Find minimum value of $|z|+|z-e^{ix}|+|z-5e^{ix}|+|z-7e^{ix}|+|z-32e^{ix}|$ where $z$ is a complex number

Question

Find minimum value of $$|z|+|z-e^{ix}|+|z-5e^{ix}|+|z-7e^{ix}|+|z-32e^{ix}|$$ where $z$ is a complex number.

we notice that we have to minimze the sum of distances from the points in the argand plane $(0,e^{ix},5e^{ix},7e^{ix},32e^{ix})$.We also see these points are on a straight line which makes an angle $x$ with real axix. .We now rotate the plane by $x$ radians anticlockwise so that the points lie on the real line.Let the coordinates of $z$ after rotation be $(h,k)$.Intuitively this does not change the minimum.So now we have to minimise: $$\sqrt{h^2+k^2}+\sqrt{{(h-1)}^2+k^2}+\sqrt{{(h-5)}^2+k^2}+\sqrt{{h-7)}^2+k^2}+\sqrt{{(h-32)}^2+k^2}$$ which happens when $k=0$.We minimize $$f(h)=|h|+|h-1|+|h-5|+|h-7|+|h-32|$$ But $f(h)$ becomes a lenear function for each of the intervals $h\in [-\infty,0],[0,1],[1,5],[5,7],[7,32],[32,\infty]$.But a lenear function achieves its maximum and minimum at the endpoints of interval.

We seek:$$\min(f(0),f(1),f(5),f(7),f(32))=f(5)=38$$

Is it good? I am looking for alternative proofs

Answer 1

You can use only the triangle inequality:

$$|z| + |z-32 e^{ix}| \ge |32 e^{ix}| = 32 \\ |z-e^{ix}| + |z - 7 e^{ix}| \ge |7 e^{ix} - e^{ix}| = 6 \\ |z- 5e^{ix}| \ge 0$$

Adding up we get : $f(z) \ge 32 + 6 + 0 = 38$. We have equality for $z = 5e^{ix}$ ( an easy but important check). Conversely, if we have equality then necessarily $|z- 5 e^{ix}| = 0$ so $z = 5 e^{ix}$.
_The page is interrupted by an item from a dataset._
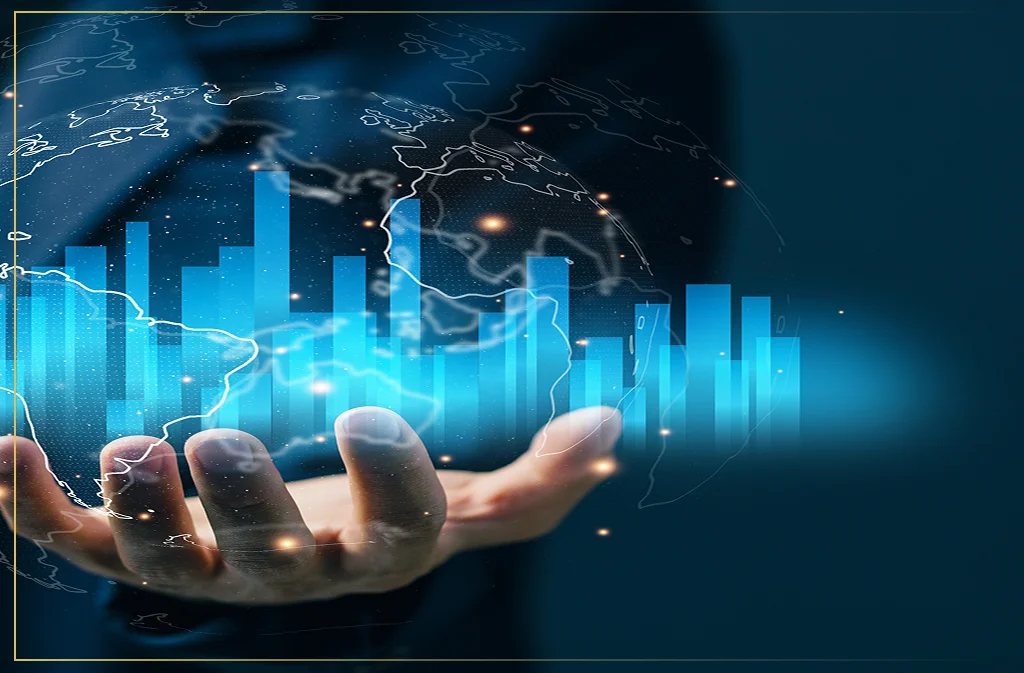 International Growth & Market Entry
Note: $x$ is a parameter, $z$ is the variable.

Answer 2

This is not a formal approach but a trick I devised by myself. I shall be grateful if someone can provide it formally. Here's the approach.

Given, $$\left|z-r_{1}\right|+\left|z-r_{2}\right|+\left|z-r_{3}\right|+\left|z-r_{4}\right|+\left|z-r_{5}\right|+ \dots +\left|z-r_n\right|$$

Open the modulus such that the coefficient of $z$ is either $1$ or $0$. If it is zero, you straight away get the minimum, if it is $1$ just put $z$ such that it is the higher $r_i$ in the interval of expansion.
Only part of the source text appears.